Jetty is a java based web server and servlet engine. In affected versions servlets with multipart support (e.g. annotated with `@MultipartConfig`) that call `HttpServletRequest.getParameter()` or `HttpServletRequest.getParts()` may cause `OutOfMemoryError` when the client sends a multipart request with a part that has a name but no filename and very large content. This happens even with the default settings of `fileSizeThreshold=0` which should stream the whole part content to disk. An attacker client may send a large multipart request and cause the server to throw `OutOfMemoryError`. However, the server may be able to recover after the `OutOfMemoryError` and continue its service -- although it may take some time. This issue has been patched in versions 9.4.51, 10.0.14, and 11.0.14. Users are advised to upgrade. Users unable to upgrade may set the multipart parameter `maxRequestSize` which must be set to a non-negative value, so the whole multipart content is limited (although still read into memory).
In Eclipse Jetty versions 9.4.0 thru 9.4.46, and 10.0.0 thru 10.0.9, and 11.0.0 thru 11.0.9 versions, the parsing of the authority segment of an http scheme URI, the Jetty HttpURI class improperly detects an invalid input as a hostname. This can lead to failures in a Proxy scenario.
In Eclipse Jetty HTTP/2 server implementation, when encountering an invalid HTTP/2 request, the error handling has a bug that can wind up not properly cleaning up the active connections and associated resources. This can lead to a Denial of Service scenario where there are no enough resources left to process good requests.

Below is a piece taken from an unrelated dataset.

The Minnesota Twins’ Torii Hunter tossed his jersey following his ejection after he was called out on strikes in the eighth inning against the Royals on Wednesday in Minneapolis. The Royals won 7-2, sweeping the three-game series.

In Eclipse Jetty versions 10.0.0 thru 10.0.9, and 11.0.0 thru 11.0.9 versions, SslConnection does not release ByteBuffers from configured ByteBufferPool in case of error code paths.
For Eclipse Jetty versions <= 9.4.40, <= 10.0.2, <= 11.0.2, if an exception is thrown from the SessionListener#sessionDestroyed() method, then the session ID is not invalidated in the session ID manager. On deployments with clustered sessions and multiple contexts this can result in a session not being invalidated. This can result in an application used on a shared computer being left logged in.
For Eclipse Jetty versions <= 9.4.40, <= 10.0.2, <= 11.0.2, it is possible for requests to the ConcatServlet with a doubly encoded path to access protected resources within the WEB-INF directory. For example a request to `/concat?/%2557EB-INF/web.xml` can retrieve the web.xml file. This can reveal sensitive information regarding the implementation of a web application.
In Eclipse Jetty 9.4.32 to 9.4.38, 10.0.0.beta2 to 10.0.1, and 11.0.0.beta2 to 11.0.1, if a user uses a webapps directory that is a symlink, the contents of the webapps directory is deployed as a static webapp, inadvertently serving the webapps themselves and anything else that might be in that directory.
In Eclipse Jetty 7.2.2 to 9.4.38, 10.0.0.alpha0 to 10.0.1, and 11.0.0.alpha0 to 11.0.1, CPU usage can reach 100% upon receiving a large invalid TLS frame.
In Eclipse Jetty 9.4.6.v20170531 to 9.4.36.v20210114 (inclusive), 10.0.0, and 11.0.0 when Jetty handles a request containing multiple Accept headers with a large number of “quality” (i.e. q) parameters, the server may enter a denial of service (DoS) state due to high CPU usage processing those quality values, resulting in minutes of CPU time exhausted processing those quality values.
In Eclipse Jetty version 9.4.0.RC0 to 9.4.34.v20201102, 10.0.0.alpha0 to 10.0.0.beta2, and 11.0.0.alpha0 to 11.0.0.beta2, if GZIP request body inflation is enabled and requests from different clients are multiplexed onto a single connection, and if an attacker can send a request with a body that is received entirely but not consumed by the application, then a subsequent request on the same connection will see that body prepended to its body. The attacker will not see any data but may inject data into the body of the subsequent request.